In “Shanghai Lalas: Female Tongzhi Communities and Politics in Urban China”, Lucetta Yip Lo Kam critically discusses the impact that practices connected to a “politics of public correctness” have had on the daily life of lesbian-identified women (拉拉lala). According to Kam, this politics compels Chinese homosexuals to constantly perform heteronormativity in family domains, while also performing homonormativity – in the sense of “good citizenship” – in public (discourse). She sees the emergence of homonormativity in urban China “as part of a greater project to construct a new sexual morality for the newly capitalized and increasingly commodified society” (p. 89).
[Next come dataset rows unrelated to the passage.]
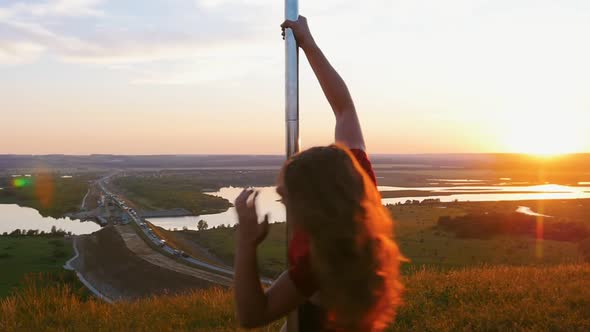 Pole Dance on Sunset - Young Woman in Sports Clothes Spinning By the Pole with Spread Legs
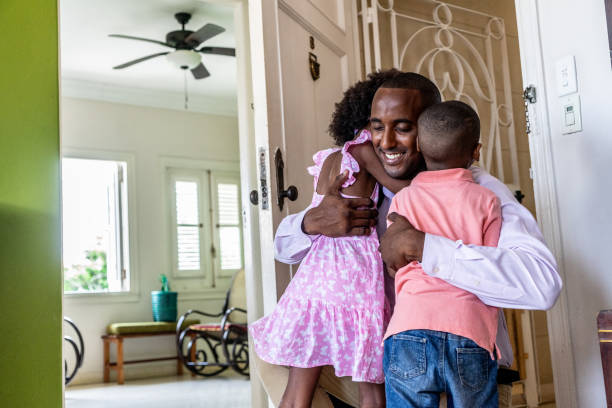 istock Father arriving at home after work and kids embracing him 1551407786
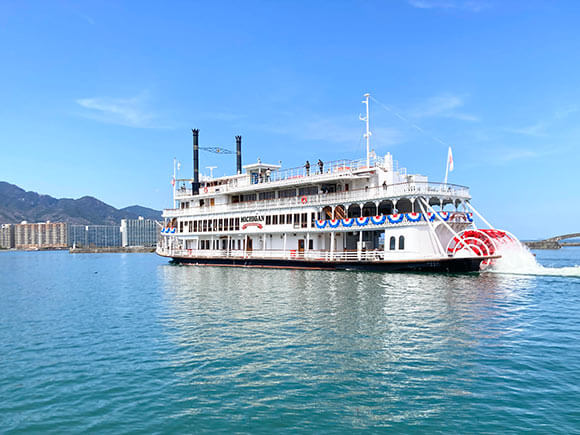 Lake Biwa Cruise Hikone in shiga, Japan - Scenic boat cruises on Japan's largest freshwater lake departing from historic Hikone, offering views of Hikone Castle, islands, mountains, and the vast 670-square-kilometer Lake Biwa.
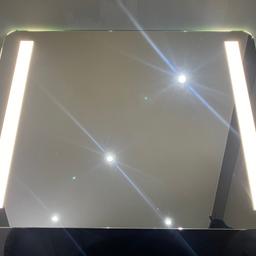 This is a stylish pre loved LED bathroom mirror (with de-mist) by Cooke and Lewis. 
Size 80x60 cm with on/off switch. Its simple design means it is easy to install and connect.  
It’s in excellent condition with no blemishes to the mirror or other parts.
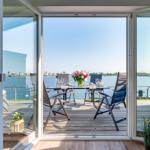 Deck with table, chairs, and flowers by waterfront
In the context of this politics Kam examines the disparity between lala’s self-empowered identities and the continuing pressure to get married, focusing on individual coping strategies. After 1978 she sees a gradual shift from collective interests to individual rights and choices, and a shift from direct state control of private life to surveillance conducted by one’s parents and colleagues, which compels the individual to integrate into a heteronormative social system.
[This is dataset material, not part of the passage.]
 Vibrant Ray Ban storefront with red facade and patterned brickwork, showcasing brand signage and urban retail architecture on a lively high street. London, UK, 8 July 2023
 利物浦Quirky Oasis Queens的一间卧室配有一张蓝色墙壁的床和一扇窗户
Her study is based on extensive fieldwork and qualitative in-depth interviews with twenty-five informants in Shanghai from 2005 to 2011, supplemented by an analysis of the discourse on homosexuality in China since the 1980s. All informants are lesbian-identified Chinese women with urban household registration who are active members of Shanghai’s lala community, 20 to 45 years old, and are either employed as white-collar workers, enrolled as university students or self-employed. The first chapter gives a detailed picture of the development of Shanghai’s lala community since 2005, offering the first academic study about this local community. Kam sees the increased social and geographical mobility of individuals since the 1990s as the most important precondition for the emergence of urban tongzhi1 cultures. She further points out the influence of transnational flows of information, cultural products and people, especially from Taiwan and Hong Kong, on the development of tongzhi communities in China.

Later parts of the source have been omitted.